Acceptance test. (1) The delta version converges to the same value as the full-state version under adversary. (2) Total serialized bytes for deltas is strictly less than for full state on a workload that touches few slots per round.
import json
from shared_harness import adversary
def test_delta_converges_and_is_smaller():
full = PNCounter("A")
delta = DeltaPNCounter("A")
other_full = PNCounter("B")
other_delta = DeltaPNCounter("B")
full_bytes = delta_bytes = 0
for step in range(50):
full.inc(1); delta.inc(1) # only A's slot moves
fmsg = json.dumps({"P": full.P.counts, "N": full.N.counts})
full_bytes += len(fmsg)
other_full.merge(full)
d = delta.take_delta_for("B") # only changed slots
dmsg = json.dumps(d)
delta_bytes += len(dmsg)
other_delta.apply_delta(d)
assert other_full.value() == other_delta.value() == 50
assert delta_bytes < full_bytes
print(f"full={full_bytes}B delta={delta_bytes}B "
f"saved={100*(1-delta_bytes/full_bytes):.0f}%")
Model solution.
class DeltaPNCounter:
def __init__(self, replica_id):
self.id = replica_id
self.P = {}
self.N = {}
# what we believe peer last acknowledged, per peer, so we can
# send only newer slots; here keyed by (peer, 'P'/'N', slot)
self._acked = {}
def inc(self, amount=1):
self.P[self.id] = self.P.get(self.id, 0) + amount
def dec(self, amount=1):
self.N[self.id] = self.N.get(self.id, 0) + amount
def value(self):
return sum(self.P.values()) - sum(self.N.values())
def take_delta_for(self, peer):
"""Return only slots whose value exceeds what `peer` last acked."""
delta = {"P": {}, "N": {}}
for tag, book in (("P", self.P), ("N", self.N)):
for slot, v in book.items():
if v > self._acked.get((peer, tag, slot), 0):
delta[tag][slot] = v
self._acked[(peer, tag, slot)] = v
return delta
def apply_delta(self, delta):
for tag, book in (("P", self.P), ("N", self.N)):
for slot, v in delta[tag].items():
book[slot] = max(book.get(slot, 0), v) # still a max-merge!
return self
The delta carries the same kind of payload as full state — slot values that get max-merged — so idempotence and commutativity (Task 4) are preserved and the chaos test still passes; a re-applied delta is just a redundant max.

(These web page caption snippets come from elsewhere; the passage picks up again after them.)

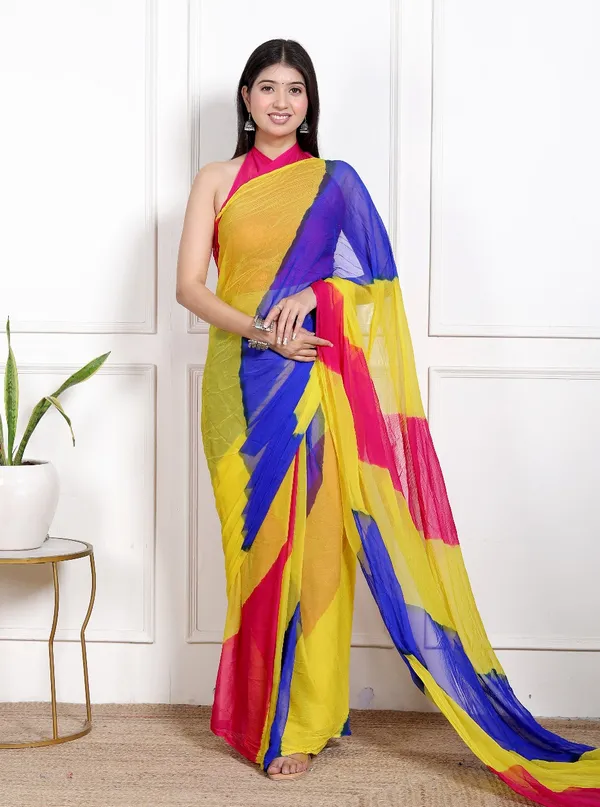 Multi_Chiffon_Sarees_For_Women_Fancy_Party_Wear_Sarees,_Wedding_Sarees,_Farewell_Sarees,_Printed_Sarees,_Designer_Sarees,_Bollywood_Sarees,_Latest_Sarees_Trendy_Sarees_Leheriya_Saree,_Sarees_For_Farewell_Party,_Latest_Saree_Design,_Sarees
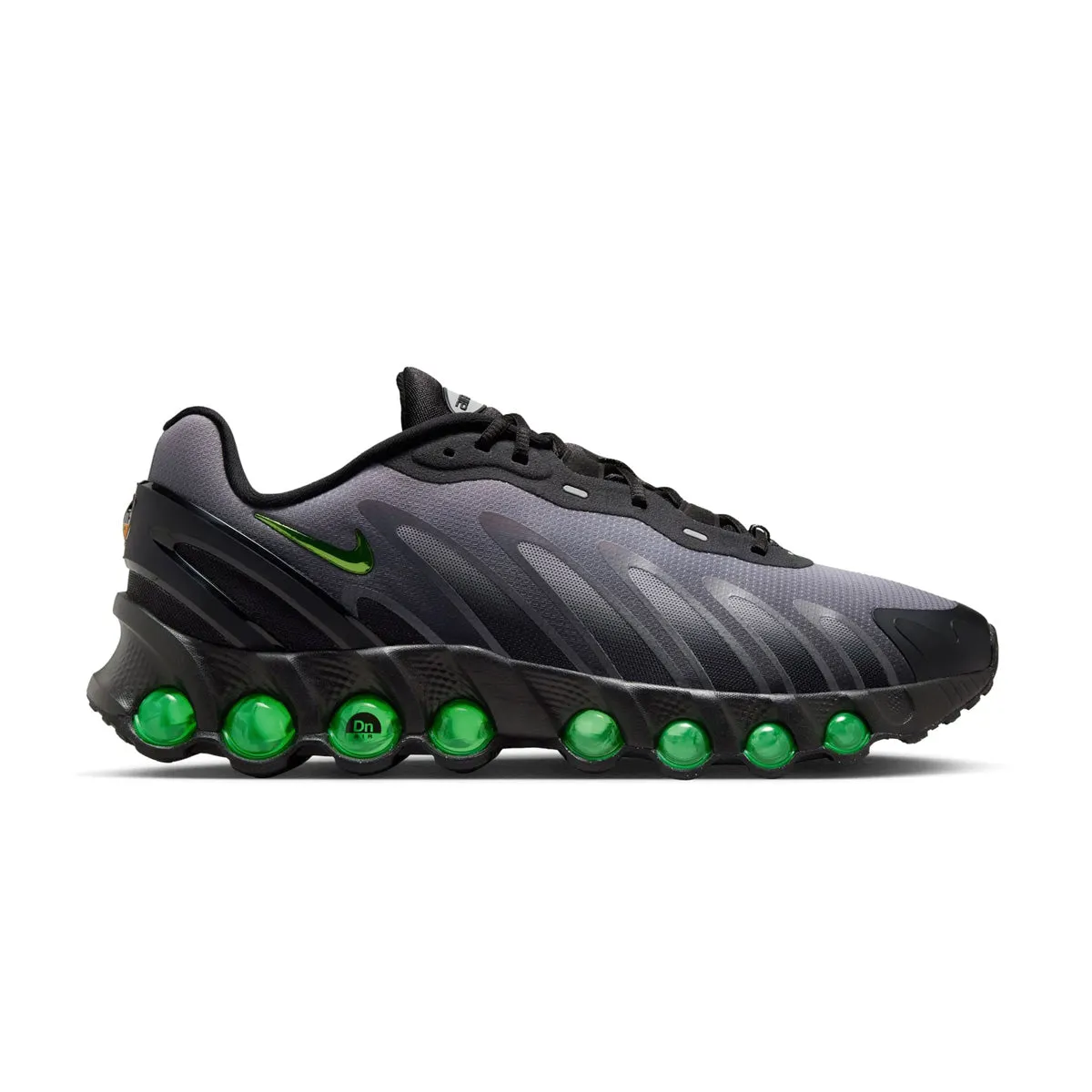 Air Max Dn8 'Black Volt' Long Commute Tensile Fiber Upper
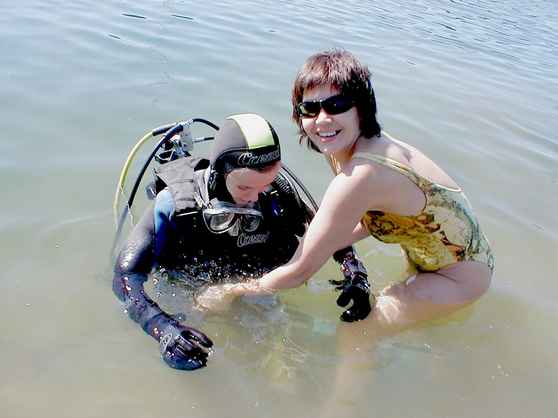 Разведотряд перед БДТ Разведотряд перед БДТ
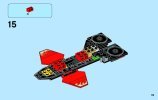 Istruzioni per la Costruzione - LEGO - NINJAGO - 70721 - Fighter di Kai: Page 19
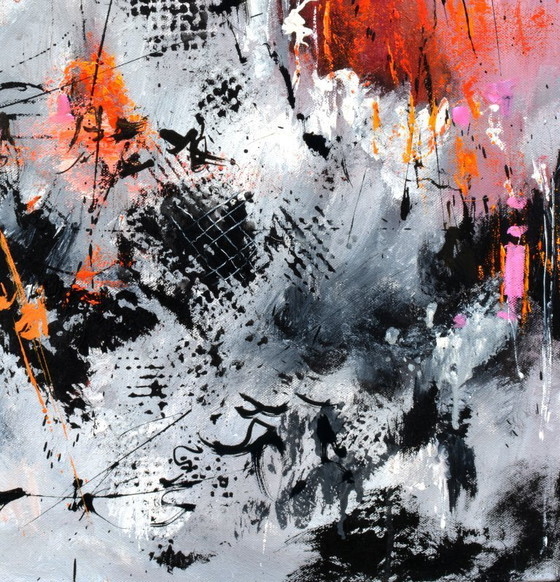 Image 1 of Zwart en rood passen altijd bij elkaar.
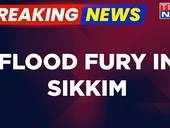 Breaking News | Flood Fury In Sikkim, 23 Indian Army Jawans Missing | Rescue Operations Underway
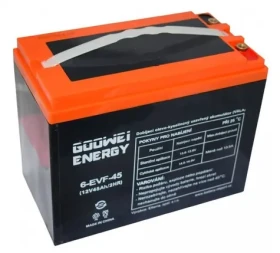 GOOWEI Energy Pb trakčný záložný akumulátor VRLA GEL 12V/45Ah (6-EVF-45)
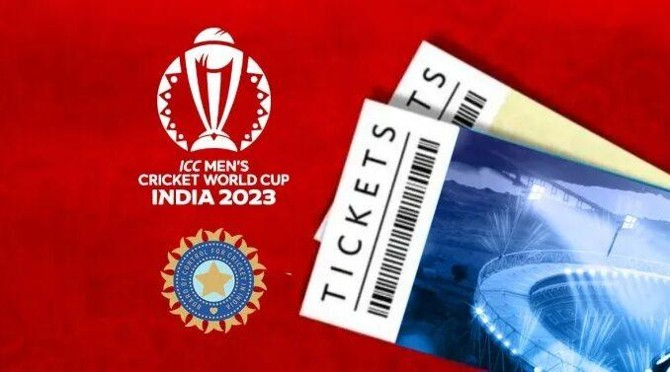 A fan files a FIR against the BCCI, CAB, and BookMyShow for encouraging World Cup ticket black marketing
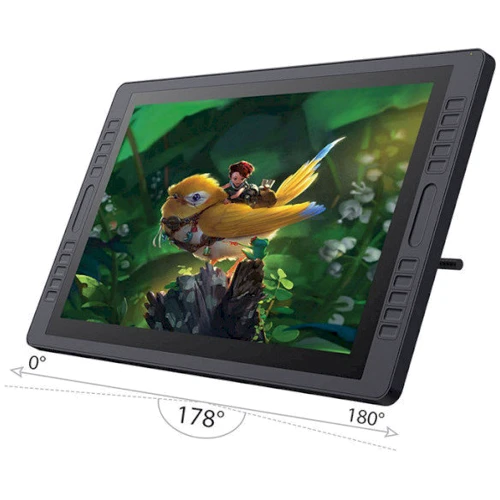 Графический планшет Huion Kamvas GT-221Pro V2 (Kamvas Pro 22) + перчатка: Разрешение 5080 lpi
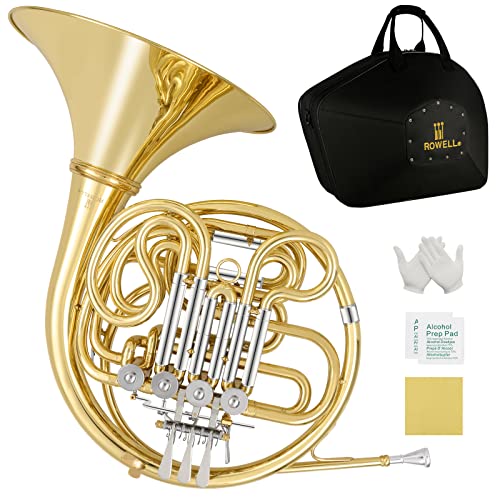 ROWELL Double French Horn Stand Set - Image 2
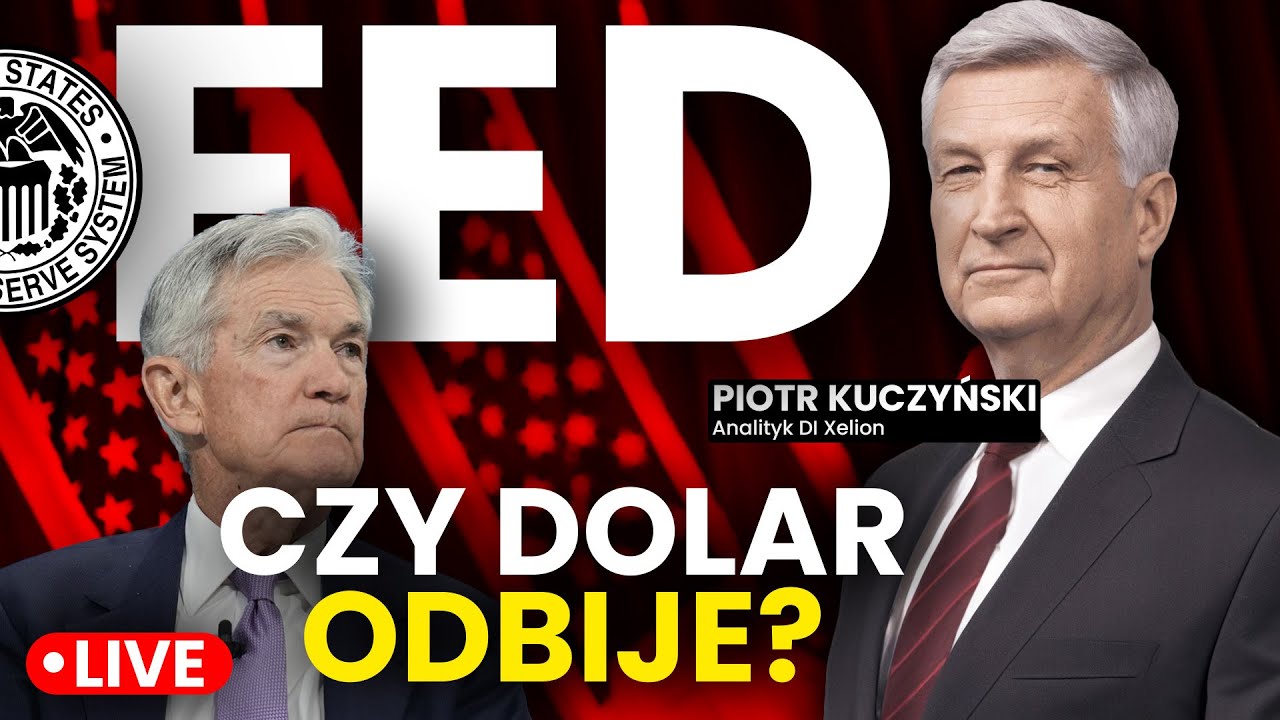 Decyzja FED o stopach procentowych. Dolar o 50 groszy w d&oacute;ł od inauguracji Trumpa  | P. Kuczyński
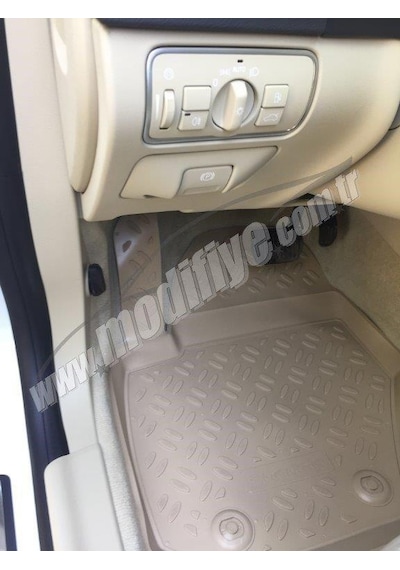 Volvo Xc60 2015-2016 3d Kauçuk Havuzlu Bej Paspas İthal Xc 60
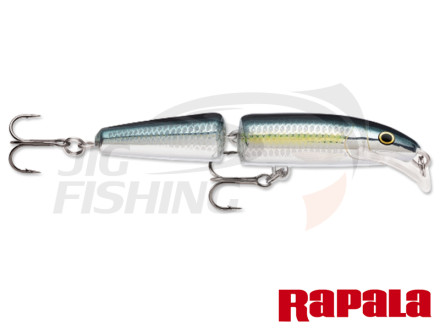 Воблер Rapala Scatter Rap Jointed  SCRJ09 90mm 7gr #Bleak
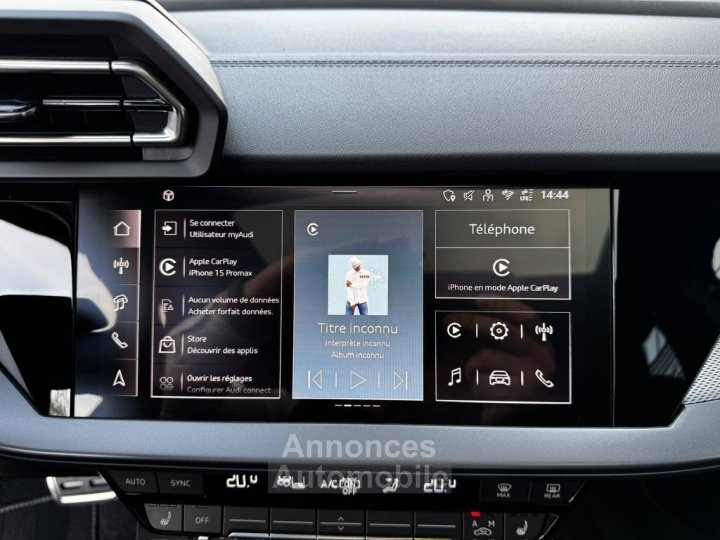 Audi A3 Sportback 35 TDI 150ch S line S tronic 7 - 33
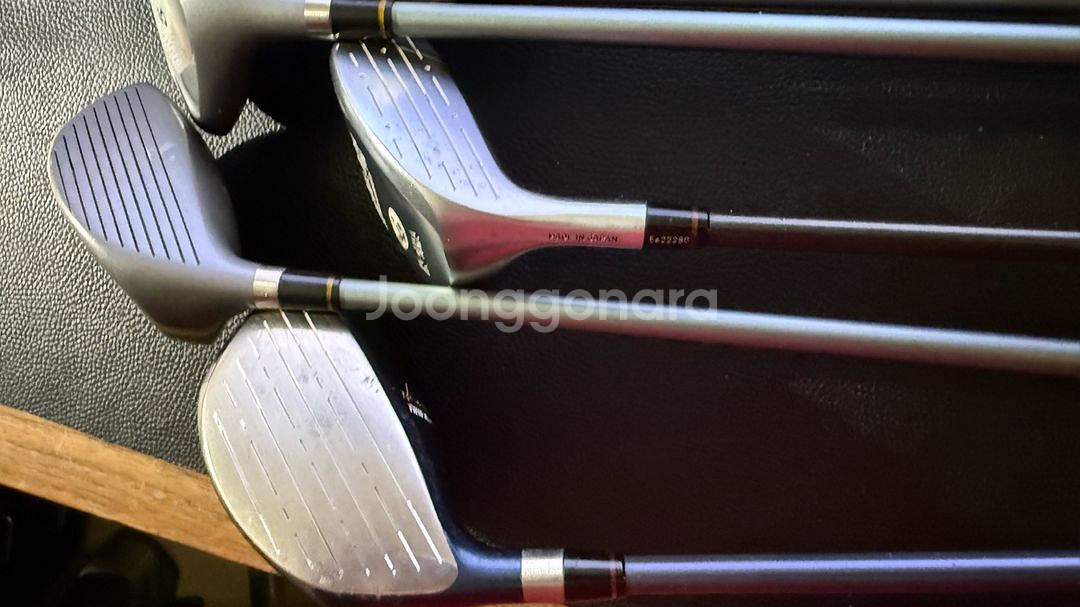 HONMA LB. 드라이버 우드 유틸 등 6개--5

The savings come purely from omitting unchanged slots. The deliberate subtlety: a delta must be a lower bound that grows, never a difference like +1, otherwise a dropped delta would lose an increment forever. We ship "A is at least 37," not "add 1 to A."
Task 9 — Sharded counter for a hot key [coding] [medium]¶
Statement. A single counter slot updated by thousands of threads is a contention hotspot. Implement a sharded counter that splits one logical counter into k independent sub-counters; a writer increments a randomly (or thread-) chosen shard, and the value is the sum of all shards. Show it is contention-free per shard yet still totals correctly. (This is the same trick as Java's LongAdder.)
Acceptance test. Concurrent increments across shards lose nothing; the read equals the number of increments.
import threading
def test_sharded_counter_no_loss():
c = ShardedCounter(shards=16)
N = 8
per = 10_000
def worker():
for _ in range(per):
c.inc()
threads = [threading.Thread(target=worker) for _ in range(N)]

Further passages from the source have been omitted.